Test it yourself: take your laptop and pretend this is an iPad with keyboard. You type just as you are used to do it, and instead of grabbing the mouse, moving the pointer to the field or button you want to hit, you just touch the button on the screen. That’s much faster and way more intuitive.
For zooming-in just double-click or slide two fingers. And to browse through the pages and tab-strips just slide them left or right or up and down.

We are just at the beginning of how we interact more naturally with machines. And the iPad and the little brother ground breaker iPhone is a step in the right decision. Comparing it to the evolution of the iPhone in the past three years, the iPad will be such a mature thing in a short time, that all these critics today will be silenced then.

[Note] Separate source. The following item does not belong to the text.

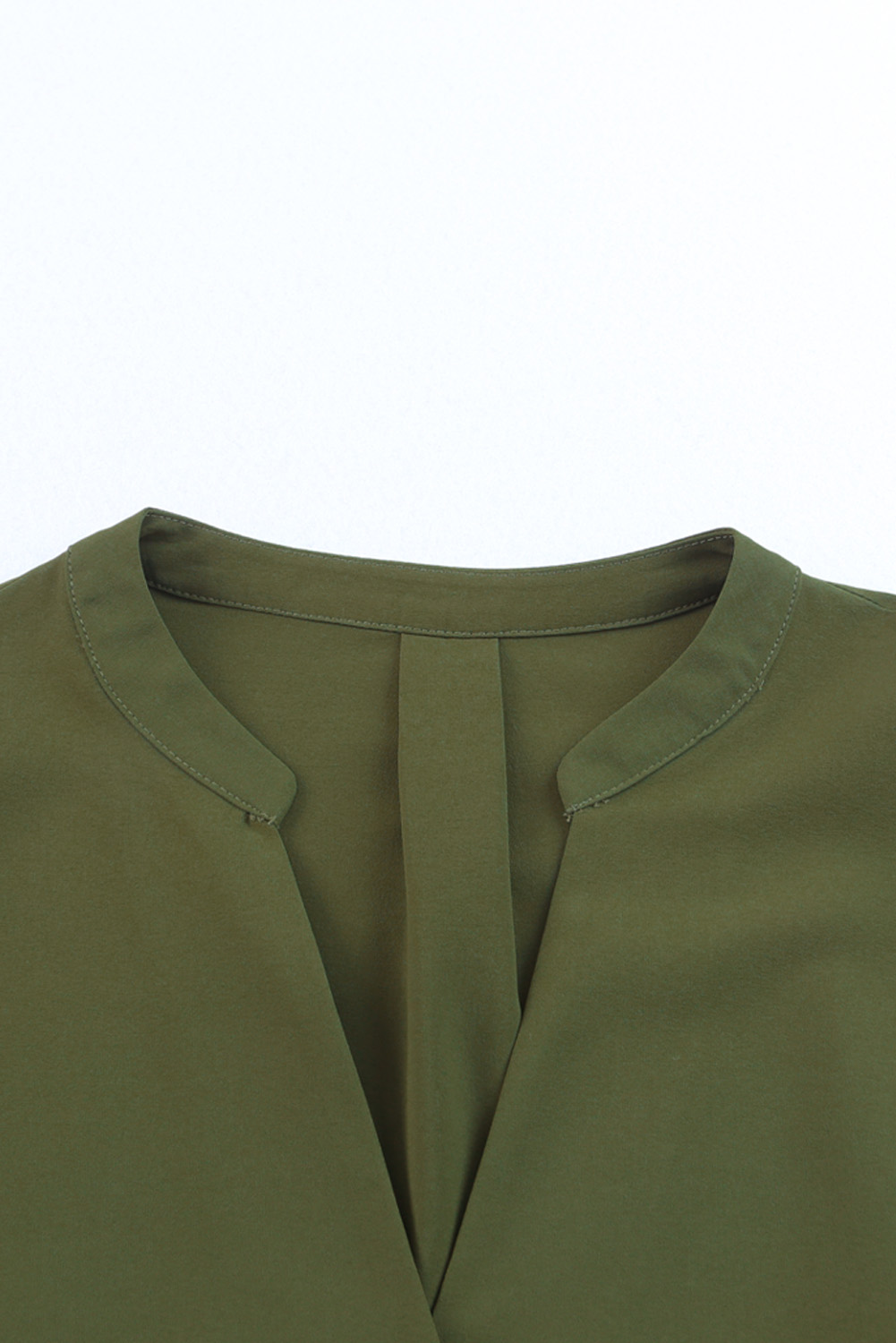 Green Split V Neck Ruffled Sleeves Shirt Dress - Image 8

What does it mean for SAP? 75% of business users will be using iPad or similar devices in five years (remember: that was my bet). That means 75% of SAP systems will be accessed through iPads. You see the urgency? We better get going to adapt our apps to the iPad (and iPhone). And fast! And perhaps once in a lifetime we will have cool UIs. Imagine: SAP and cool UIs! In the past an oxymoron, in 2010 a synonym. I challenge you to prepare yourself for that revolution.

Note: I had a number of PDAs during the years, but the iPhone has proven to be the by far best device so far. Now the SAP (as well as corporate) culture has worshipped these phones with little keyboards that push each and every email on your device. That's why broad ranks just haven't realized the potential. The iPhone remained an exotic tool, while the users base just became larger and larger. The iPad now changed it. It is in the eyes of even the most addicted keyboard-phon-fans and it's not going away.

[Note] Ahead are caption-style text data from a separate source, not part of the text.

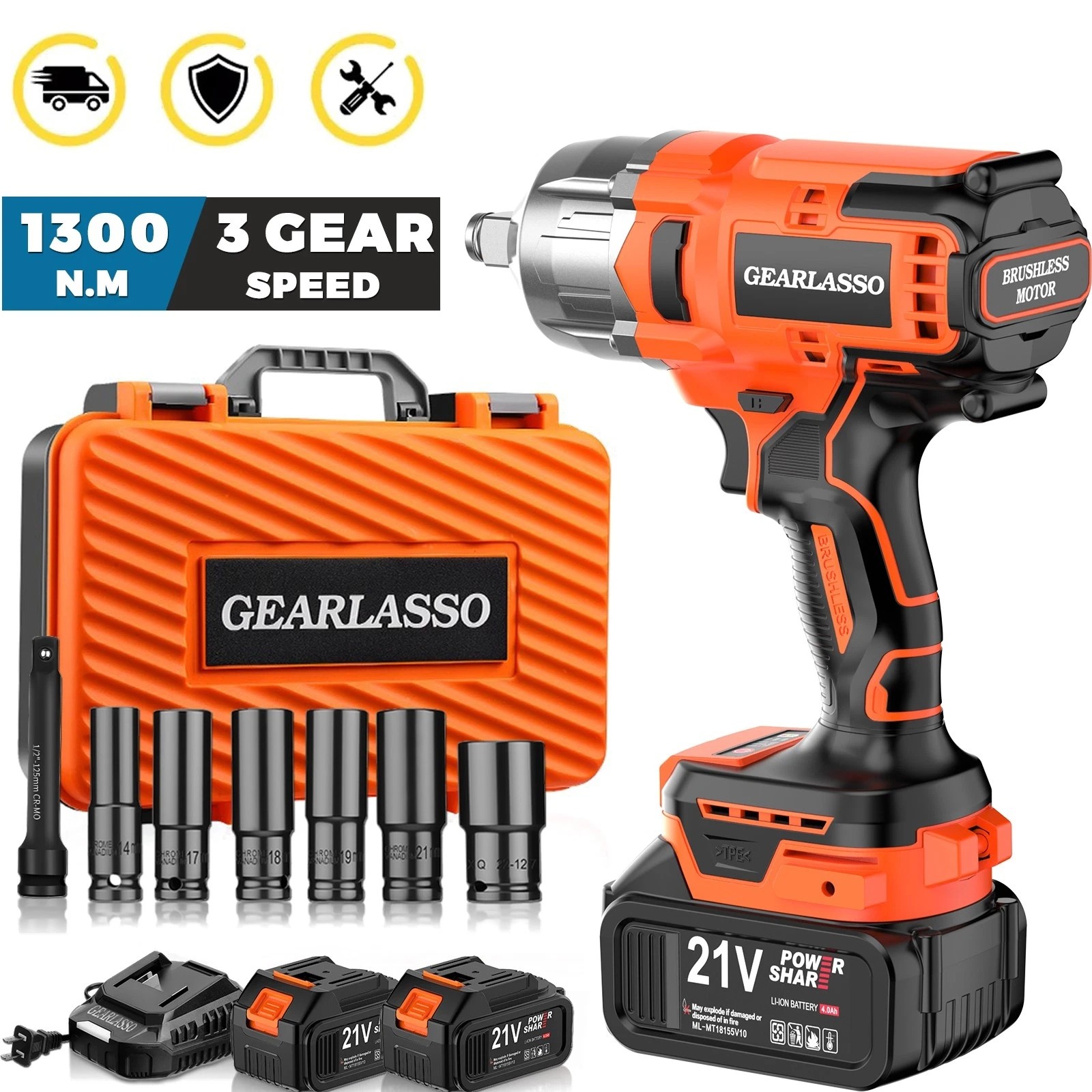 Electric Impact Wrench 800N.m 1/2 Drive Gearlasso Kit With 2 Batteries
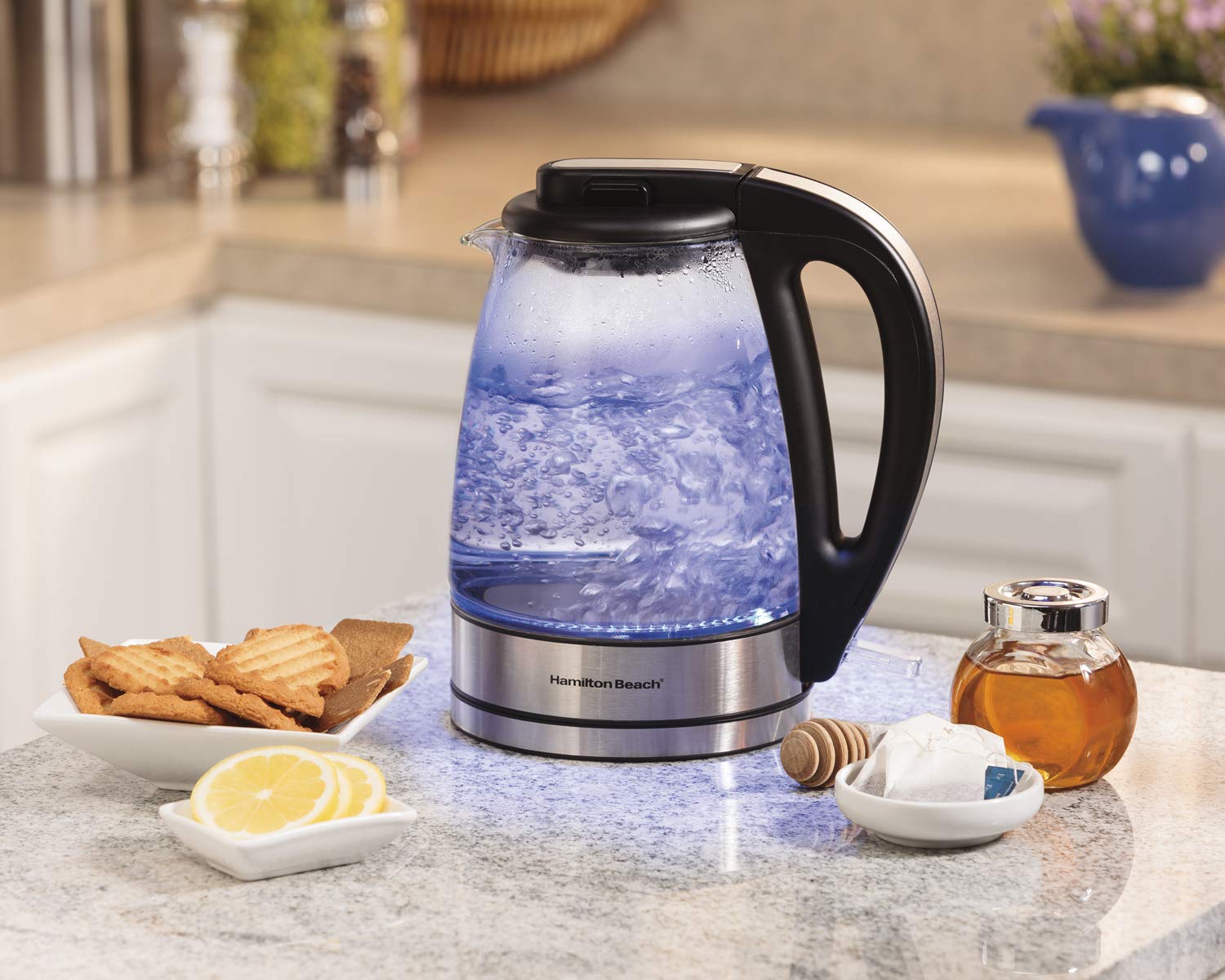 Hamilton Beach 1.7 L Glass Electric Kettle for Tea and Water, Cordless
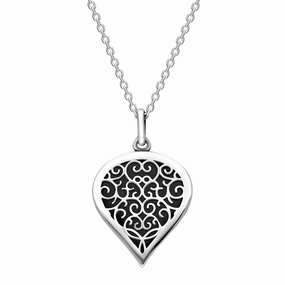 18ct White Gold Whitby Jet Flore Filigree Medium Heart Necklace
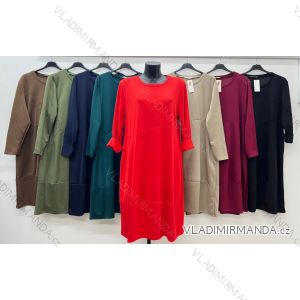 Šaty dlhé elegantný dlhý rukáv dámske nadrozmer (48/50/52 ONE SIZE) TALIANSKA MÓDA IM425597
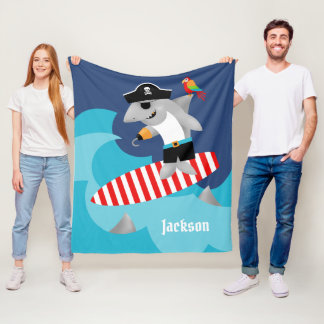 Roligt färgrikt surfa pirathajkast fleecefilt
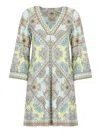 Hale Bob V-neck Light Blue Flared Sleeve Dress
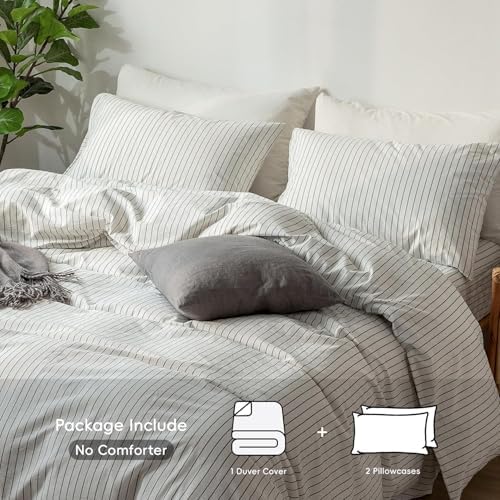 MooMee Striped Duvet Cover Set 100% Washed Cotton Linen Like Queen - Image 2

A bunch of developers inside SAP just started a little iPhone/iPad developer group to get their hands dirty. Within a few weeks we've grown to a community of 200+ members from all over the globe with more than 60 discussion threads, dozens of local groups that formed teams, and we saw interest and got support from across all board areas with everyone trying to help us and if necessary circumventing official processes. The momentum is incredible and this kind of positive energy hasn't been seen for many years.
Colleagues who visited SAPPHIRE this May just were astonished about the numbers of iPads and iPhone they saw in the hands of conference attendees.
So what I want to say is this: THIS is a big movement already rolling.